The rationale for the moratorium was to ease the burden on borrowers who were financially affected by the foreclosure measures implemented and the economic paralysis it triggered.

SC seeks early resolution to help borrowers

In early June, in response to a Supreme Court opinion on a petition seeking a full waiver of interest accrued on borrowers’ EMI payments during the loan moratorium, the RBI filed an affidavit stating that the moratorium was only a deferral on loans and interest. until a time no later than March 31, 2021.

The RBI also noted that how this interest will be collected will be left to the credit institutions. India’s central bank has warned against waiving interest on suspended loan repayments, saying it could seriously endanger the health of Indian commercial banks. He objected to an earlier assessment made by the Supreme Court which said there was “no merit in charging interest on interest” for deferred loan payments, apparently arguing that the amount forfeited to banks would amount to more than 2,01,000 crore rupees or the equivalent of 1% of the country’s GDP.

Yet with the moratorium on loans set to end in just days, a bench of three Supreme Court judges objected to the finance ministry’s long delay in filing a sworn statement clarifying its position on the matter. accusing of “hiding behind the RBI”, and directing the Center to drop him within three days.

The bench said: “Now is not the time to think only about the business of the banks. The government must also take into account the suffering of borrowers. The Supreme Court also said that the Disaster Management Act has broad powers for the Center to act on the matter and make a decision.

What the moratorium means for borrowers

The 6-month loan moratorium was widely welcomed by Indian borrowers, but experts at the time recommended that those who could continue to repay should do so. Indeed, if interest is accrued on interest already charged on deferred payments, it could significantly increase the duration of loan repayments.
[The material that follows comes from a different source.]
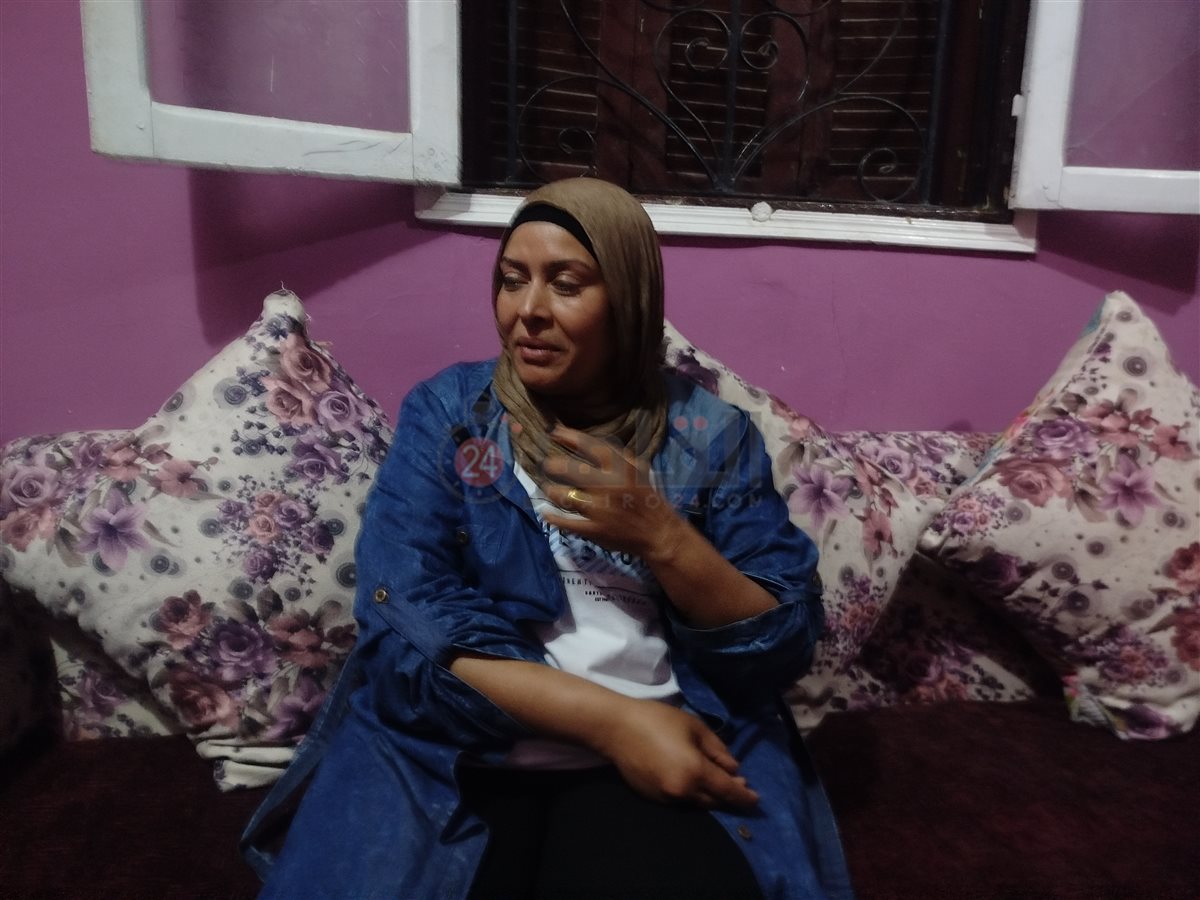 السيدة رشا عنتر خلال حديثها للقاهرة 24&nbsp;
For example, if one were to avail of the moratorium on a 50 lakh loan with a repayment period of 15 years at a compound interest rate of 9%, a borrower could add an additional 18 IMEs at the end of the term. of his loan. .

The damage becomes magnified the longer the current repayment term or the higher the interest rate. As such, while the moratorium certainly brings immediate relief at a time when business activity has slowed down, demand has fallen sharply and millions of people have been put out of work, its significant effects on borrowers are expected to fade. make it felt in the medium and long term.